In cases where vintage details were long ago erased from Brooklyn row houses, thoroughly modern overhauls can make a great deal of sense. That was the case in this gut reno, where architect Ula Bochinska of Gowanus-based Bostudio Architecture took a rundown three-story house down to the studs and redesigned it inside and out.
Collaborating on the schematic layout with Canada-based architect Witek Wisniewski, like Bochinska a native of Poland and a graduate of Warsaw’s University of Technology architecture program, they laid out a duplex residence for a family with three young kids on the house’s main floor and the floor above. The lower level is set up as a separate apartment (presently used by the homeowners as guest accommodations, a home office and playroom).

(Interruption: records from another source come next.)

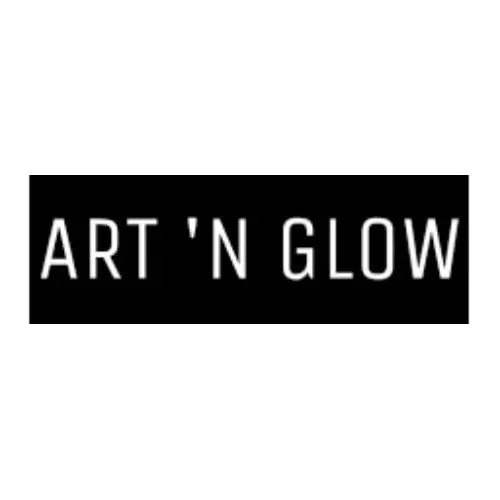 Art N Glow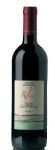 Circeo Riflessi Rosso Cantina Sant'Andrea 2024 cl 75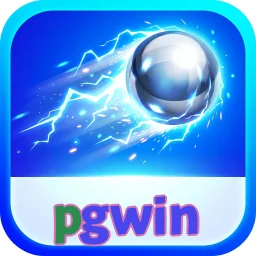 pgwin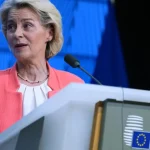 Nový európsky kongres musí prekonať politické tabu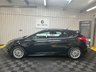 USED 2013 13 FORD FOCUS 1.6 ZETEC S S/S 5d 124 BHP 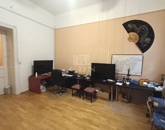 Eladó iroda/üzlethelyiség Budapest VIII. ker 87 100 000 Ft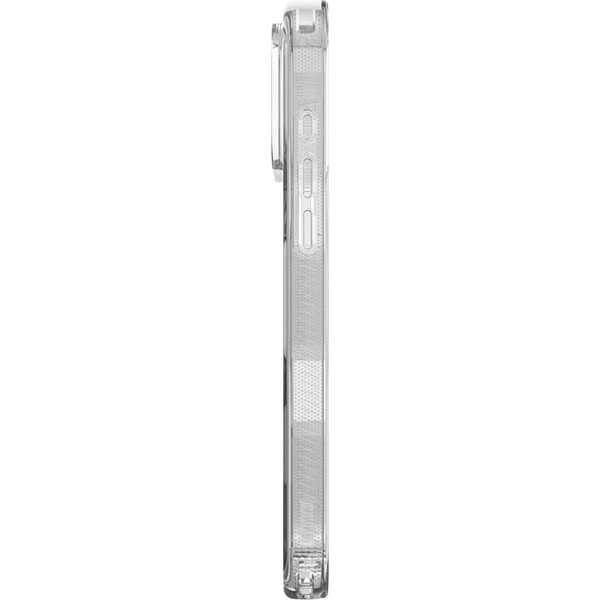 UAG-Plyo-Magsafe-kryt-iPhone-17-Pro-Max-ciry-stribrny
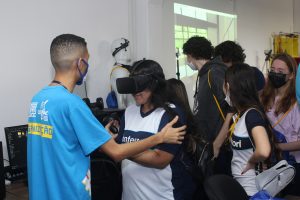 Programa- Giro- Cesmac- contribui- com- escolha- da -profissão- dos -jovens -(24)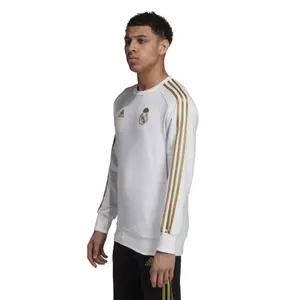 Sweatshirt Real Madrid 2019/20 image-6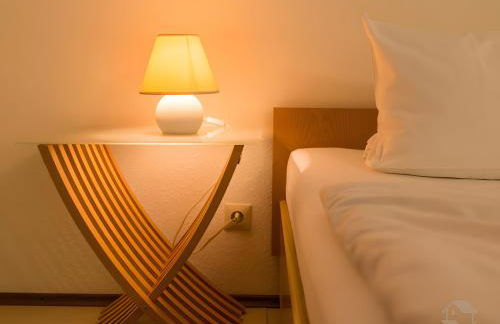 Haus Bergfrieden - Foto 21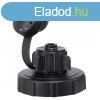 KATADYN Shower Adapter, Katadyn, "Camp Series"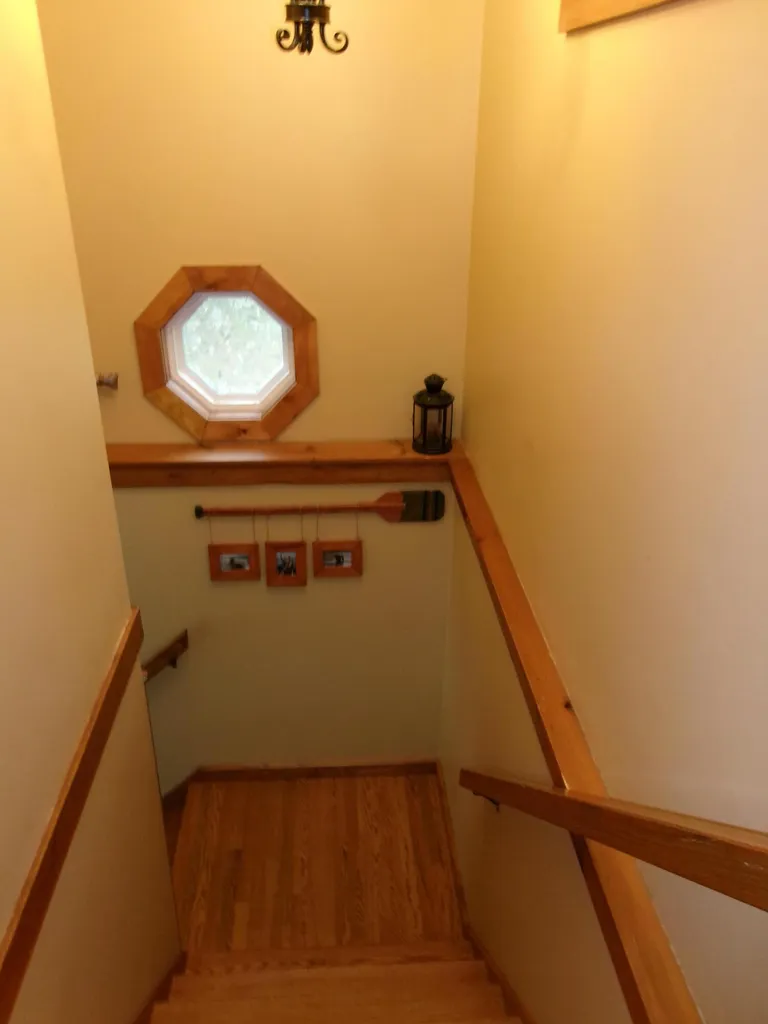35 Heron Road Madison ME 04950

From the original structure, which had been thoroughly stripped sometime in the mid-20th century, they were able to salvage just the stair railing and a skylight with colored glass. “Everything else is new,” said Bochinska, a New York State-licensed architect who came to the U.S. in 2002 and set up her business in 2010.
The cost-conscious design is unabashedly modern, inside and out, with gray fiber cement board cladding on the front and rear facades and interiors warmed by oak doors, floors and wood-trimmed casement windows.
The sleek streamlined kitchen has a bit of an industrial feel, with exposed brick and ductwork. IKEA supplied most of the cabinetry in the kitchen and master bath, configured in ways Bochinska thinks “could pass for custom.”
Bostudio approaches architectural design with the hope that the spaces they create will last for many years, if not generations. “We use a neutral palette of grays and whites, natural stone and wood, so the design is not going to date quickly,” Bochinska said. “And whenever we can, we keep old portions of the house to remind people of its history.”
The staircase was rebuilt with white oak treads and risers, but the newels, railings and balusters were salvaged. The white oak flooring was extended up to clad the front of the U-shaped kitchen island.
Exposed brick and a length of aluminum ductwork make for a more varied and interesting materials palette in the kitchen. The cabinetry, farmhouse sink and pendant lights above the counter came from IKEA.
Remnants of the century-old house remain in the turned stair rail and the colored-glass skylight.
Simple materials well-used in the master bath include an IKEA vanity and cabinet and classic white hex tiles on the floor.
A straightforward stair from the lower level emerges in a bulkhead in the rear yard. The skylight brings extra light to the downstairs space.
A bit of excavation enabled the creation of a high-ceilinged room in an extension at the rear of the lower level.